FCC's Pai Praises Charter's $25B Infrastructure Investment

Says his, and President's, policies are already bearing fruit

FCC chairman Ajit Pai Friday praised Charter for its announced $25 billion infrastructure investment pledge over the next four years, which came at an Oval Office photo op Friday with President Donald Trump and even took some credit for the new regulatory climate Charter's Tom Rutledge said had made and would make that investment possible.

“The FCC’s top priority is making sure that any American who wants high-speed Internet access, or broadband, is able to get it," he said in a statement. "To do that, since January, we have been working to set rules of the road that encourage companies to build and upgrade broadband networks across the country. I’m pleased to see that our investment-friendly policies, along with the Administration’s overall regulatory approach, are already producing results.

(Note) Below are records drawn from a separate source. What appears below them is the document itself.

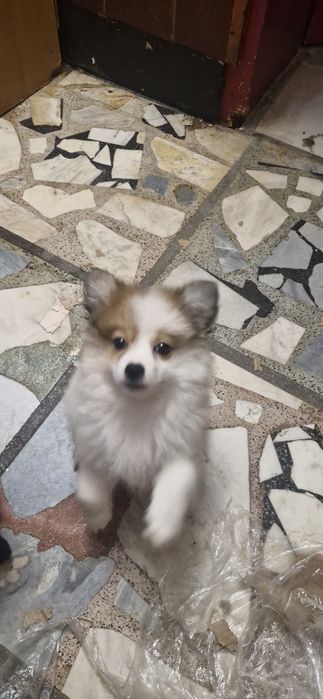 Мини шпиц/померан женски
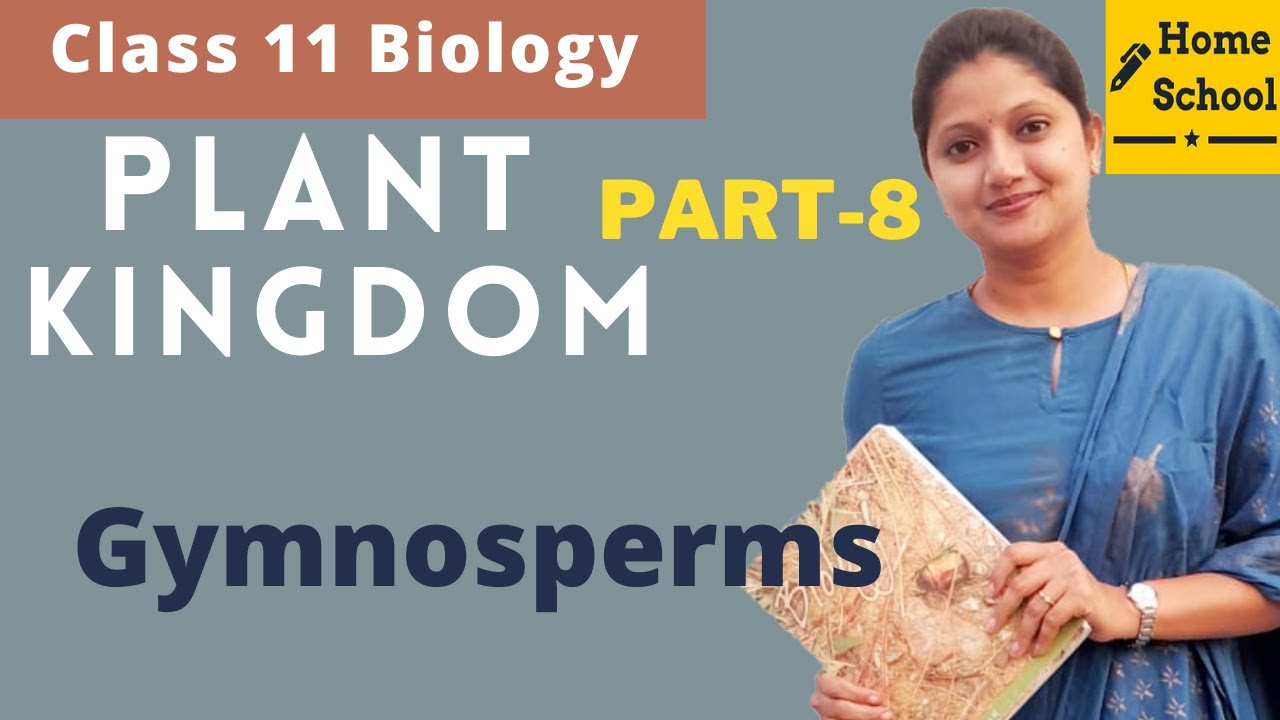 Plant kingdom Biology Class 11 | Gymnosperms | Part-8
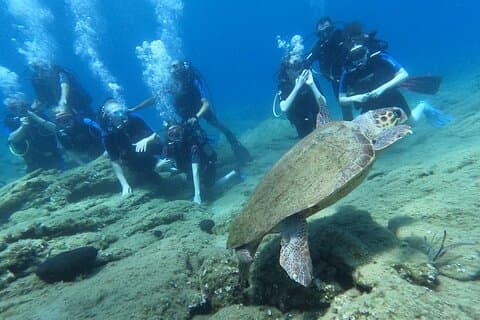 Heraklion: Scuba Diving Experience för nybörjare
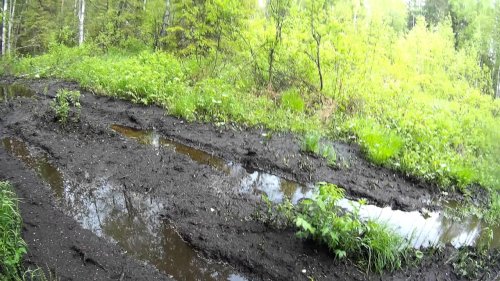 маленько  болотной грязи на КАРАКАТЕ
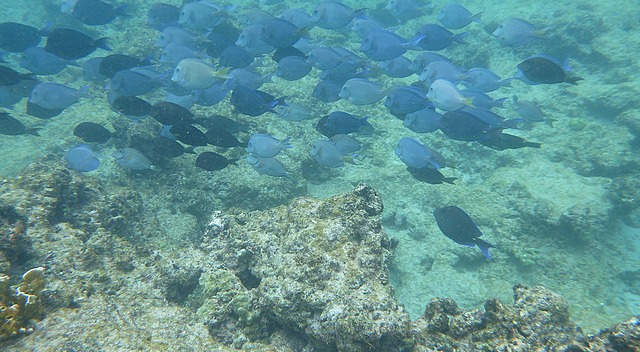 School of blue tangs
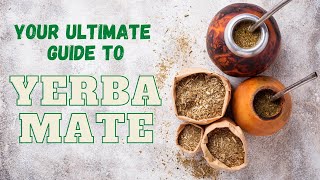 Your Ultimate Guide to Yerba Mate [upl. by Meelas]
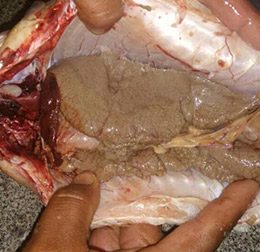 Primeiro dia de liberação da pesca em MT tem peixes com ovas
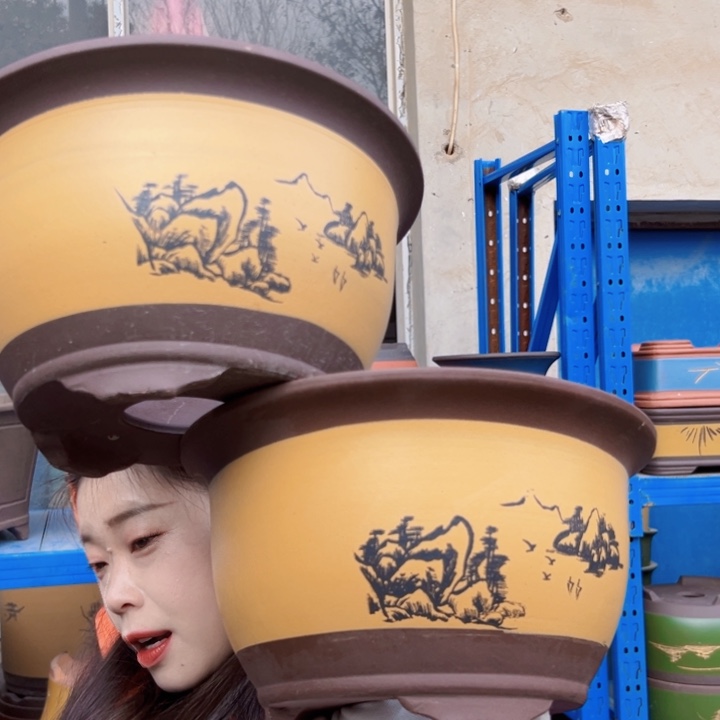 25+25黄三角金钟花盆花盆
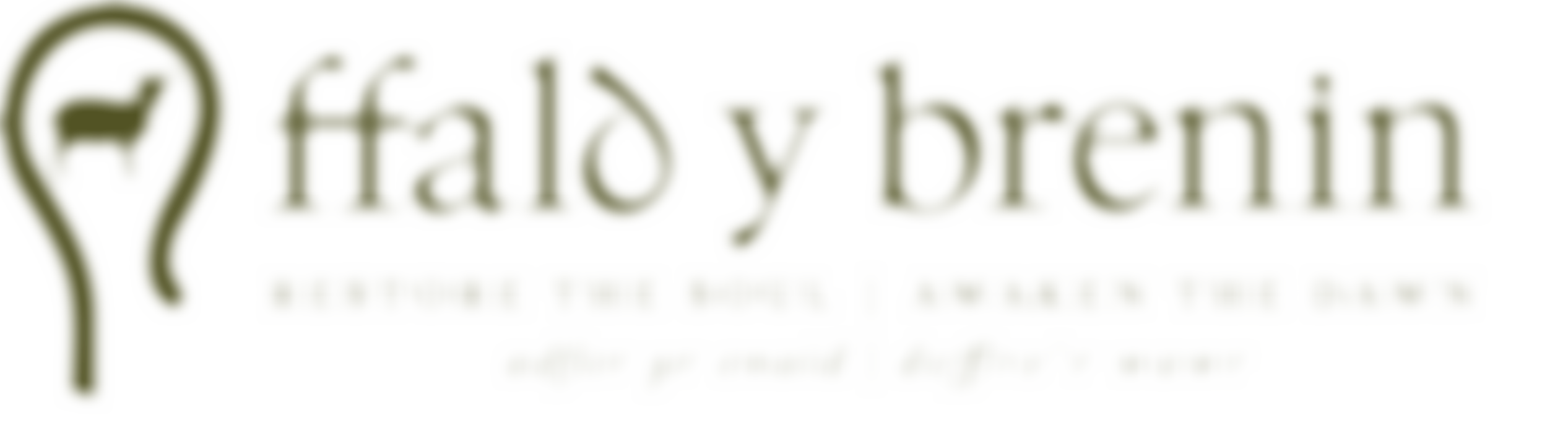 The Ffald-Y-Brenin Trust Limited | Charici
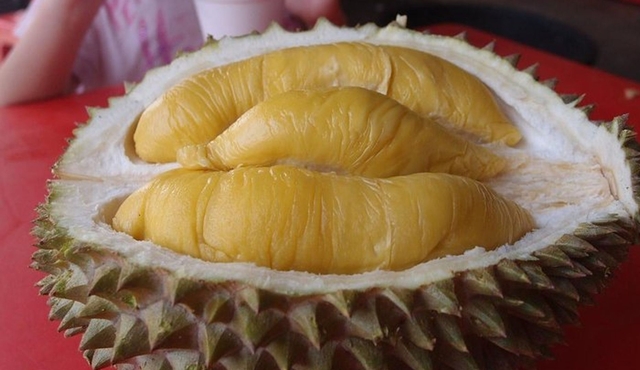 King of Tropical Fruits — Durian Tasting Tour From Kuala Lumpur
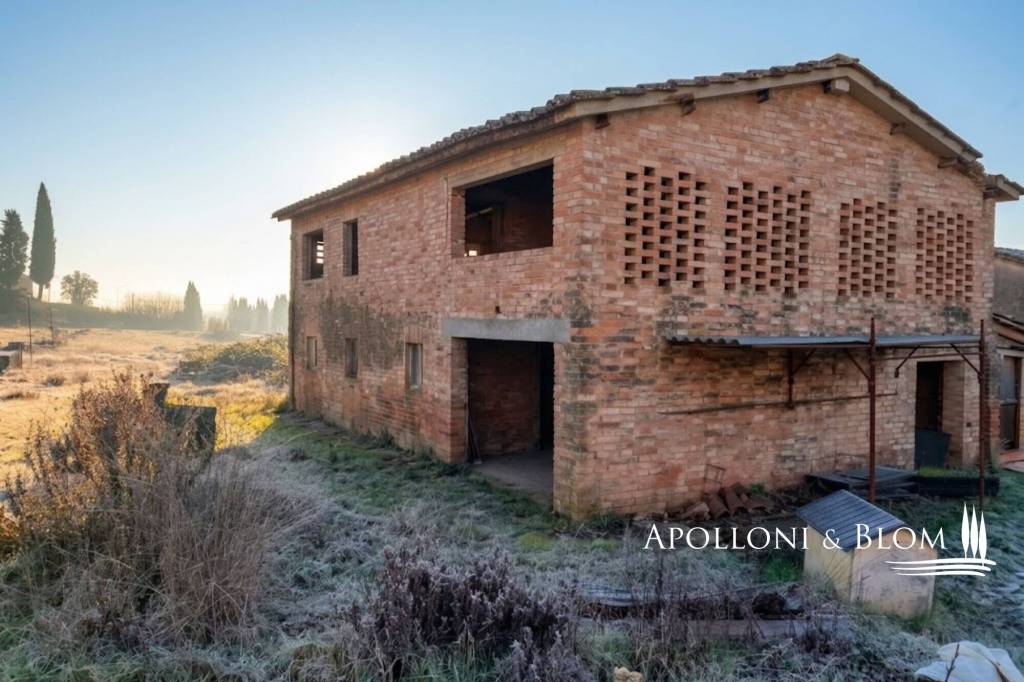 immagine annuncio 7 di 11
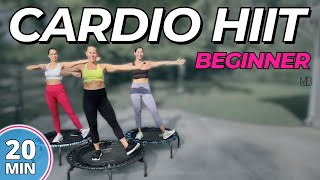 Trampoline Cardio HIIT  Beginner Challenge  DAY 6 [upl. by Ytoc303]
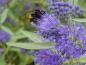 Preview: Die Blüten der Bartblume Kew Blue sind gute Bienenweiden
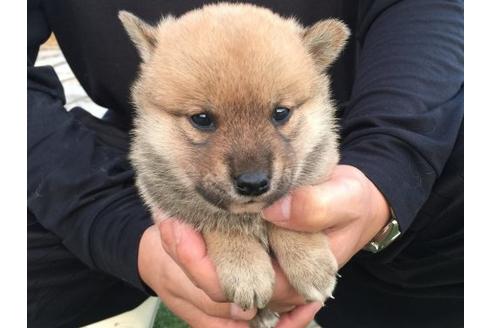 成約済の長崎県の柴犬-9872の3枚目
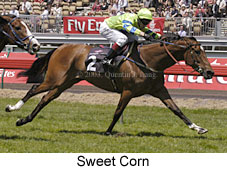 Sweet Corn (19336 bytes)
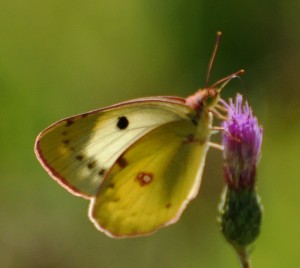 168 - Colias crocea - Le Souci (7).JPG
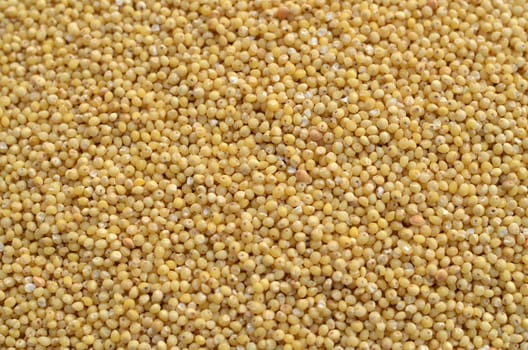 Millet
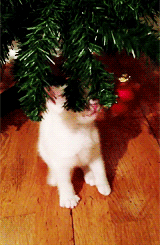 tumblr_mwtazpxEM21t34oz6o3_250.gif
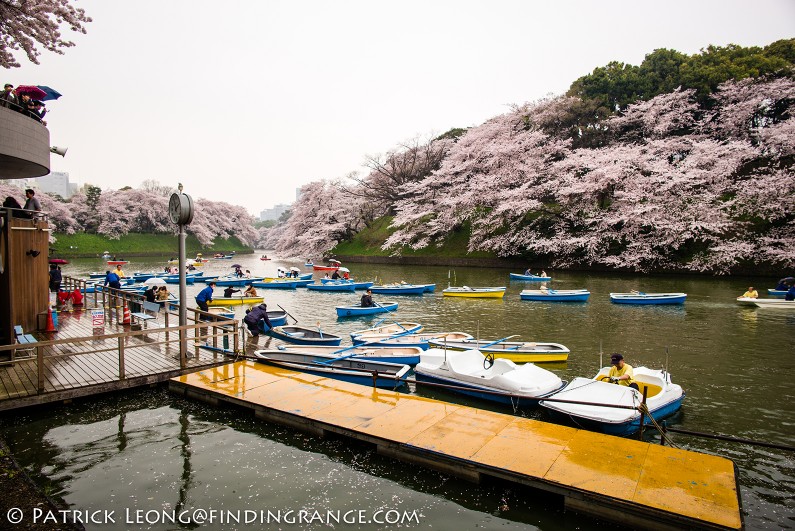 Leica-M-Typ-240-21mm-Summilux-Cherry-Blossom-Tree-Kitanomaru-Park-Chiyoda-Toyko-Japan-5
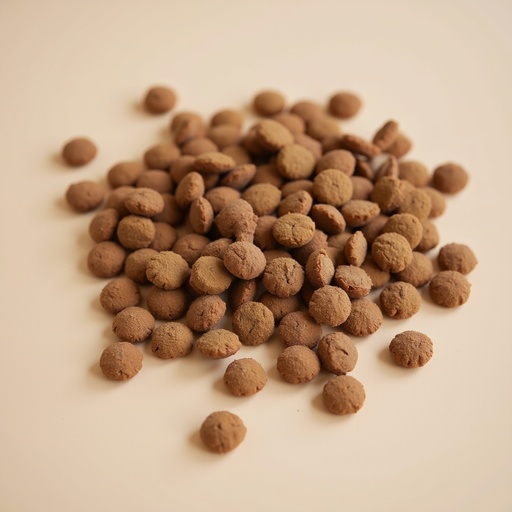 Minimalist Studio - 무료 다운로드 가능한 Studio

"I applaud Charter Communications for its announcement today that it intends to spend $25 billion in broadband infrastructure and technology over the next four years. I am optimistic that this massive investment will help to close the digital divide and to strengthen our economy.”

Closing that digital divide is a Pai priority, the new chairman said soon after taking office Jan. 23. He has argued that his predecessor's policies had discouraged that investment, particularly the reclassification of ISPs as common carriers, something Pai is expected to roll back if Congress does not beat him to it.

Since that $25 billion figure looked to be about what Charter would be spending in CAPEX over the next four years, based on previous financial statements on CAPEX, some were suggesting Charter was essentially promising to maintain the status quo.

A Charter source speaking on background said that was not the case, that CAPEX was a broader category than the "infrastructure and tech" that Rutledge said the investment was going to.

The source said that a comparable tech and infrastructure spending figure if Charter and TWC spending were combined between 2014 and 2016 would be about $16 billion over three years [or $21.3 billion over four], so the $25 billion figure would be a boost of almost a billion dollars a year.